Exercise materials section start

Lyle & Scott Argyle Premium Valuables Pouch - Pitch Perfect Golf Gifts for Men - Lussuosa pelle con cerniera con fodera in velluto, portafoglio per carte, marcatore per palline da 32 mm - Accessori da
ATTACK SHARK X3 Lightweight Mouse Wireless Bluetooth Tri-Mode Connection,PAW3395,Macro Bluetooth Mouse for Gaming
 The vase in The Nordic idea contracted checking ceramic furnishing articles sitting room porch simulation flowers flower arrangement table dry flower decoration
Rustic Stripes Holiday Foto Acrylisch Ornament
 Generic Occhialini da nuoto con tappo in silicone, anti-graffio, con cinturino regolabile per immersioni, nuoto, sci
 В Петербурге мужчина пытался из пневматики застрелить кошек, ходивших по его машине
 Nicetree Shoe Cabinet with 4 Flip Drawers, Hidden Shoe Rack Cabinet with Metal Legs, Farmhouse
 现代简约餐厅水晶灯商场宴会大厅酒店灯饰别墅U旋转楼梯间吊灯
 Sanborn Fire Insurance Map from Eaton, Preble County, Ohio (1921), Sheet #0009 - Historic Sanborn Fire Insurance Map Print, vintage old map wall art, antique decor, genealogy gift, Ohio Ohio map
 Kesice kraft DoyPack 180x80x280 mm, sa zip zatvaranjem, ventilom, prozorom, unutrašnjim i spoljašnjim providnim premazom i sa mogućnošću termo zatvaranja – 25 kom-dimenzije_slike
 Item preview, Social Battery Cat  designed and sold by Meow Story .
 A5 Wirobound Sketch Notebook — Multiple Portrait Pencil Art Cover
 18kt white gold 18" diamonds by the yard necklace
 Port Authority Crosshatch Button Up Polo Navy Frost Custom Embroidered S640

Exercise materials section end

The entire set of entries, and nothing else, should be set down exactly.

#### Response area:
Lyle & Scott Argyle Premium Valuables Pouch - Pitch Perfect Golf Gifts for Men - Lussuosa pelle con cerniera con fodera in velluto, portafoglio per carte, marcatore per palline da 32 mm - Accessori da
ATTACK SHARK X3 Lightweight Mouse Wireless Bluetooth Tri-Mode Connection,PAW3395,Macro Bluetooth Mouse for Gaming
 The vase in The Nordic idea contracted checking ceramic furnishing articles sitting room porch simulation flowers flower arrangement table dry flower decoration
Rustic Stripes Holiday Foto Acrylisch Ornament
 Generic Occhialini da nuoto con tappo in silicone, anti-graffio, con cinturino regolabile per immersioni, nuoto, sci
 В Петербурге мужчина пытался из пневматики застрелить кошек, ходивших по его машине
 Nicetree Shoe Cabinet with 4 Flip Drawers, Hidden Shoe Rack Cabinet with Metal Legs, Farmhouse
 现代简约餐厅水晶灯商场宴会大厅酒店灯饰别墅U旋转楼梯间吊灯
 Sanborn Fire Insurance Map from Eaton, Preble County, Ohio (1921), Sheet #0009 - Historic Sanborn Fire Insurance Map Print, vintage old map wall art, antique decor, genealogy gift, Ohio Ohio map
 Kesice kraft DoyPack 180x80x280 mm, sa zip zatvaranjem, ventilom, prozorom, unutrašnjim i spoljašnjim providnim premazom i sa mogućnošću termo zatvaranja – 25 kom-dimenzije_slike
 Item preview, Social Battery Cat  designed and sold by Meow Story .
 A5 Wirobound Sketch Notebook — Multiple Portrait Pencil Art Cover
 18kt white gold 18" diamonds by the yard necklace
 Port Authority Crosshatch Button Up Polo Navy Frost Custom Embroidered S640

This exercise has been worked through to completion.